The Protective Effect of Quercetin-3-O-beta-D-Glucuronopyranoside on Ethanol-induced Damage in Cultured Feline Esophageal Epithelial Cells.
10.4196/kjpp.2011.15.6.319
- Author:
Jung Hyun CHO
1
;
Sun Young PARK
;
Ho Sung LEE
;
Wan Kyunn WHANG
;
Uy Dong SOHN
Author Information
1. Department of Pharmacology, College of Pharmacy, Chung-Ang University, Seoul 156-756, Korea. udsohn@cau.ac.kr
- Publication Type:Original Article
- Keywords:
Flavonoid;
Hydrogen peroxide;
ERK;
Esophageal epithelial cell;
Ethanol
- MeSH:
Blotting, Western;
Cell Survival;
Epithelial Cells;
Ethanol;
European Union;
Fluoresceins;
Hydrogen Peroxide;
Interleukin-6;
NADPH Oxidase;
Onium Compounds;
Quercetin;
Rumex
- From:The Korean Journal of Physiology and Pharmacology
2011;15(6):319-326
- CountryRepublic of Korea
- Language:English
-
Abstract:
Quercetin-3-O-beta-D-glucuronopyranoside (QGC) is a flavonoid glucoside extracted from Rumex Aquaticus Herba.
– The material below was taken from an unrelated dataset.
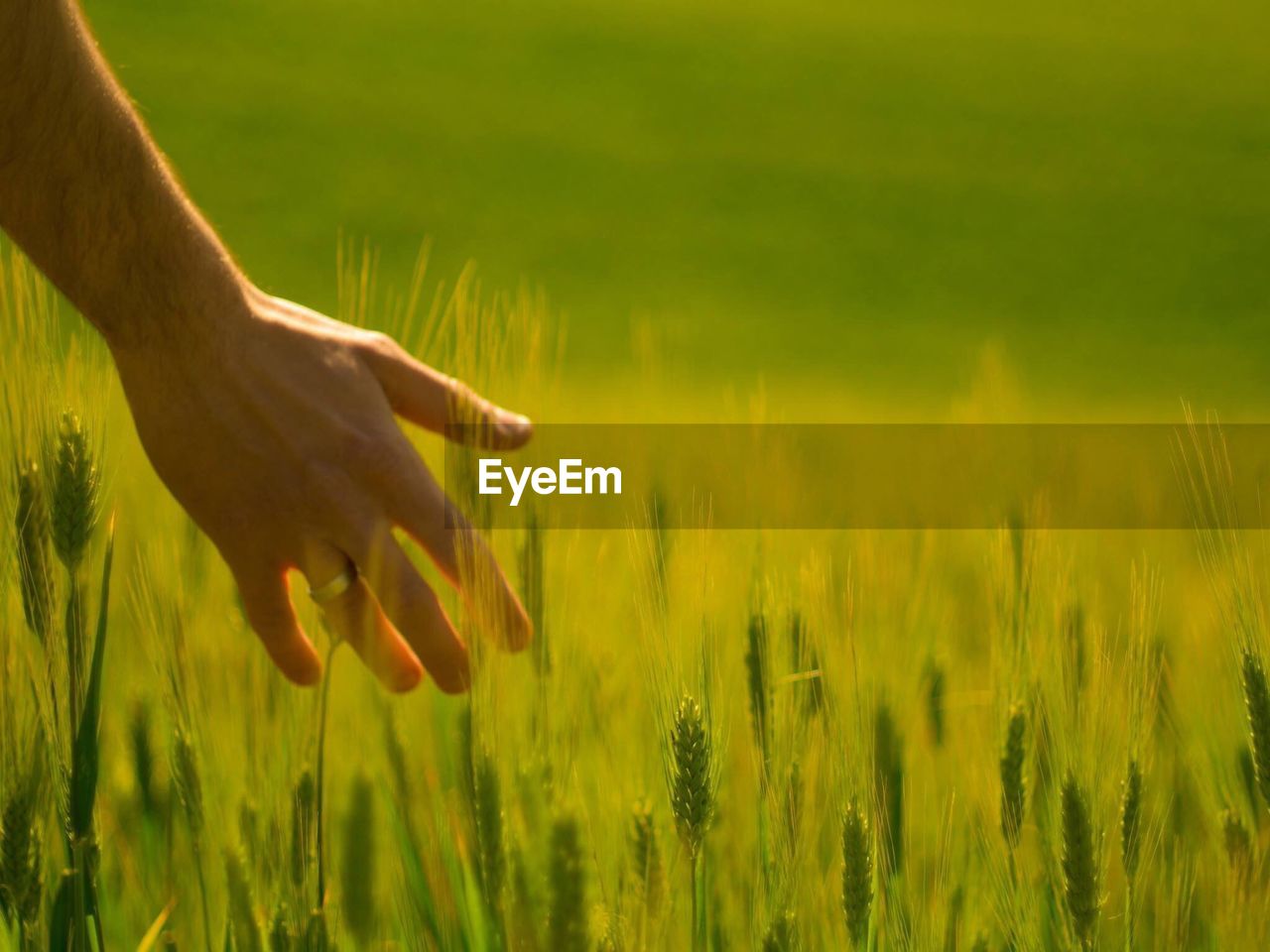 CLOSE-UP OF HAND HOLDING WHEAT FIELD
We aimed to explore its protective effect against ethanol-induced cell damage and the mechanism involved in the effect in feline esophageal epithelial cells (EEC). Cell viability was tested and 2',7'-dichlorofluorescin diacetate assay was used to detect intracellular H2O2 production. Western blotting analysis was performed to investigate MAPK activation and interleukin 6 (IL-6) expression. Exposure of cells to 10% ethanol time-dependently decreased cell viability. Notably, exposure to ethanol for 30 min decreased cell viability to 43.4%. When cells were incubated with 50 microM QGC for 12 h prior to and during ethanol treatment, cell viability was increased to 65%. QGC also inhibited the H2O2 production and activation of ERK 1/2 induced by ethanol. Pretreatment of cells with the NADPH oxidase inhibitor, diphenylene iodonium, also inhibited the ethanol-induced ERK 1/2 activation. Treatment of cells with ethanol for 30 or 60 min in the absence or presence of QGC exhibited no changes in the IL-6 expression or release compared to control. Taken together, the data indicate that the cytoprotective effect of QGC against ethanol-induced cell damage may involve inhibition of ROS generation and downstream activation of the ERK 1/2 in feline EEC.